Mr GUTWEIN - I was involved in many of those early discussions with the tourism industry, the local council, the STT. Although, back then I think I was in opposition, so it would have been Forestry Tasmania. What was able to be achieved, very successfully, in Derby was a coexistence, something that demonstrated that we could have tourism, but we could also have sustainable forestry. What I have witnessed - and I am certain we will witness again post 15 December - is that people are voting with their feet. Derby is an extraordinary example of coexistence between the industry, tourism and the forestry industry.

Greens members interjecting.

Mr SPEAKER - Dr Woodruff, you are on a warning.

Mr GUTWEIN - I have watched with amazement as people have beaten a path to Derby's door, where there has been a coexistence of sustainable forestry and tourism. We have watched that mining town - which was once decimated in population and economic opportunity - spring to life as hundreds of thousands of people from around this country and around the world -

Greens members interjecting.

Mr SPEAKER - Ms O'Connor, why is it impossible for you to ask a question and listen to the answer without interjecting? You are on a warning.

Dr WOODRUFF - Point of clarification, Mr Speaker.

Mr SPEAKER - There is no such thing as a point of clarification.

Dr WOODRUFF - Can I clarify that the Leader of the Opposition interjected eight times on a question earlier this morning. I am wondering whether there is consistency in this issue.

Mr SPEAKER - That is not a point of order. Please sit down.

Mr GUTWEIN - Acknowledging that we have tourism operators in the Chamber, I have witnessed the fact that coexistence can occur.

You reached into COP26 and the Glasgow Declaration, yet you are well aware that the land-use clearing regimen in this state changed more than a decade ago. We do not cut forests down and not regrow them. We engage in sustainable forestry in Tasmania, sustainable harvesting. All of us bring to this place our own lived experiences. One of those lived experiences that I have had has been to watch what I would consider to be an economic miracle occur at Derby where we have witnessed the coexistence of tourism with sustainable forestry management. As I have indicated, the world and the broader country have voted with their feet in that example.

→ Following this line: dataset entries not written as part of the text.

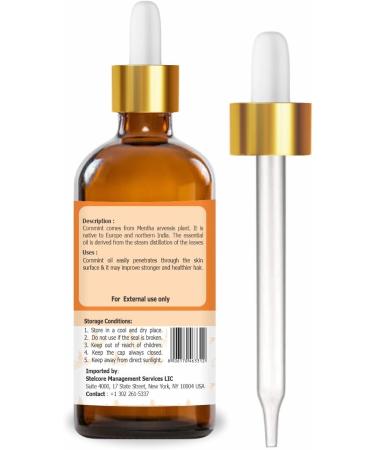 Crysalis Cornmint Oil | Pure Natural Cold Pressed Carrier Oil 100ml | Undiluted Essential Oil for International Shipping - Buy Online on GoSupps.com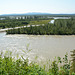 Alaska, The Tanana River in the Wide Expanse of the Tanana Valley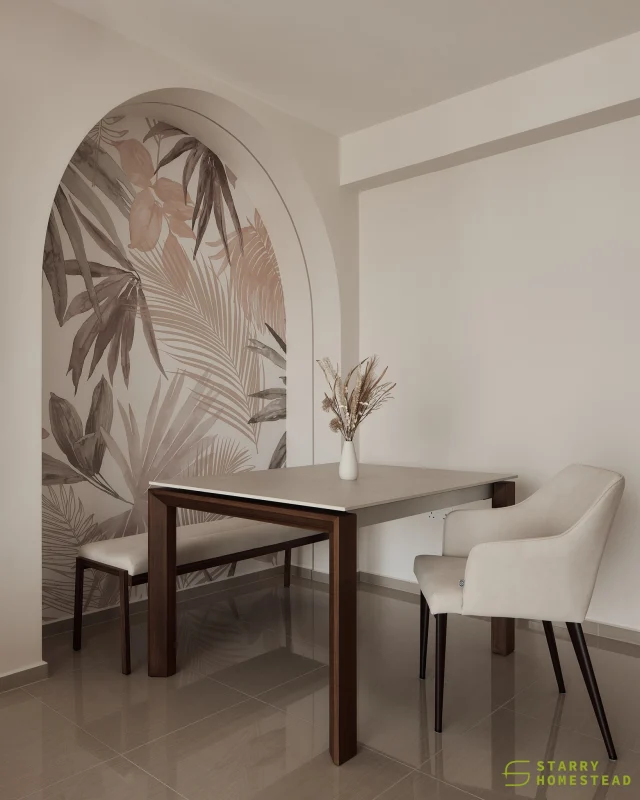 Not limited to one style, experience life with nature and elegance flowing into the space.
-
Parc Life // Japandi
Designer: Steven
-
#starryhomestead #singapore #renovation #interiordesign #qanvast #homematch #hometrust #sghomedecor #interiordesigninspo #sgreno #sgid #sghome #hdb #bto #condo #landed #modern #japandi #scandinavian #livingroom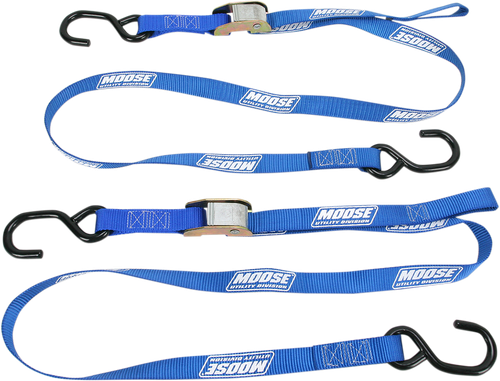 MOOSE OFFROAD Tie-Down Straps - Moose Utility - 1" x 6' - Blue 3920-0296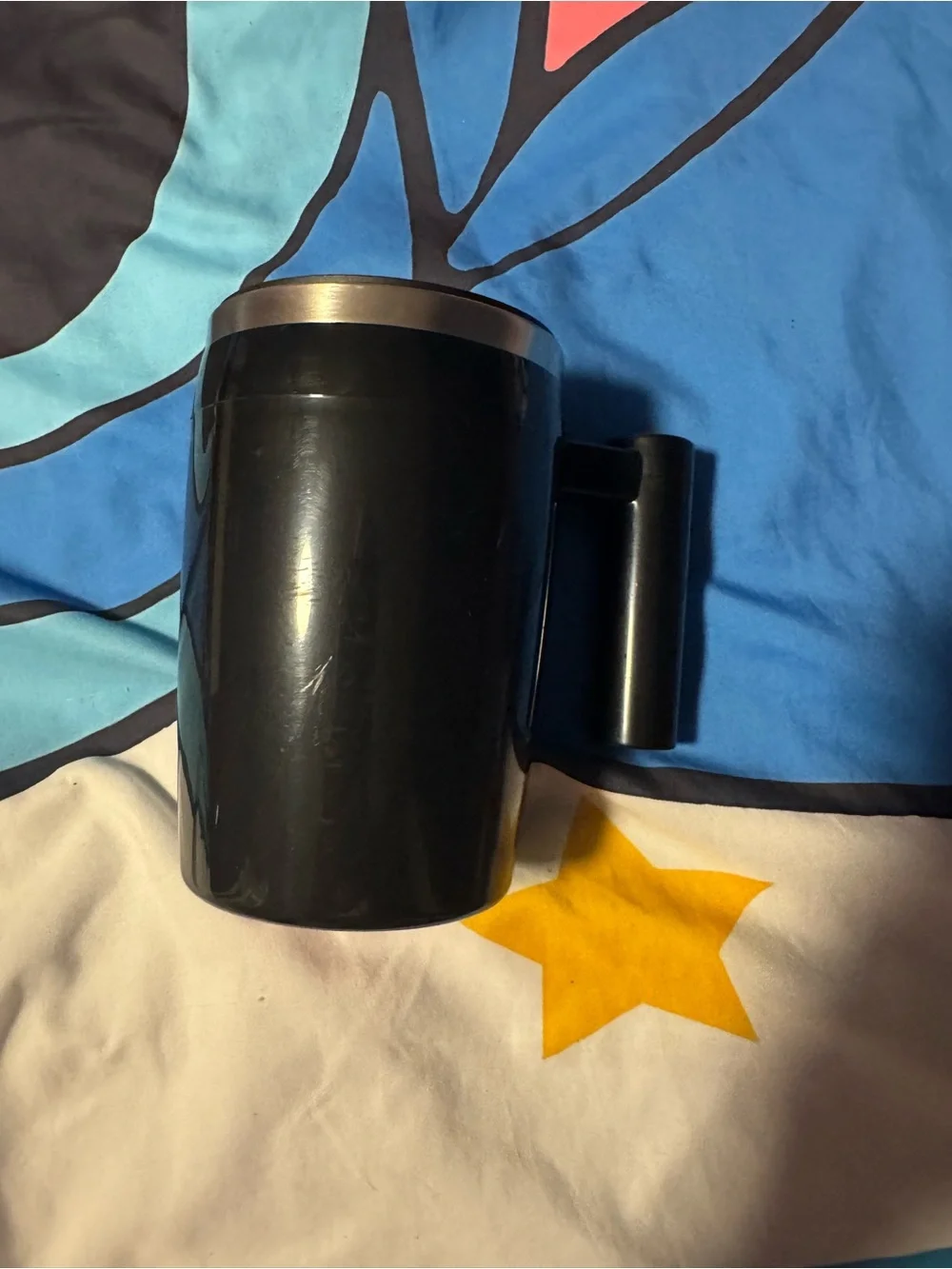 Amazon Essentials Black Travel Mug with Handle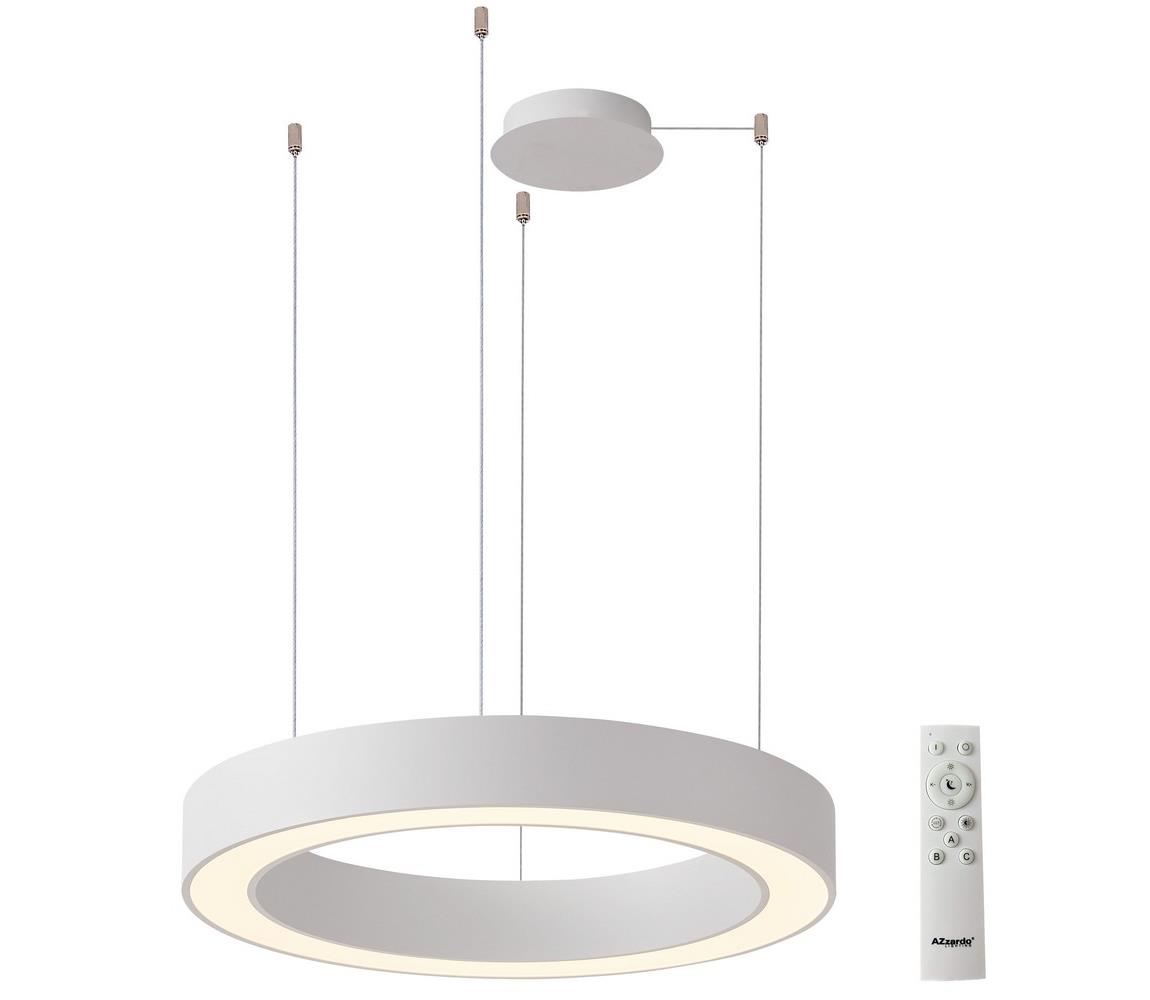 Azzardo AZ5052 - LED Żyrandol ściemnialny na lince MARCO LED/100W/230V biały + pilot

It did not surprise me that you reached into COP26, but you know full-well that what was signed at COP26 is something that this state put in place over a decade ago -

Ms O'CONNOR - Point of order, Mr Speaker, the Premier has misled the House. The COP26 agreement is about reversing forest loss.

Mr SPEAKER - That is not a point of order. The Premier has the call.

Mr GUTWEIN - Mr Speaker, regarding forest loss, it is well understood that in this state we plant more trees than we take. So, regarding the Leader of the Greens tabling her letter and the position she brings to this place, I believe very firmly that sustainable forestry and tourism can coexist, and that there are world-leading examples of where that occurs right here in this state. Those examples are well understood by the world and, by the country. As I have said, not only they have beaten a path to our door prior to 15 December, but I expect post 15 December they will continue to revel in what is one of the best examples in coexistence in two industries in the world.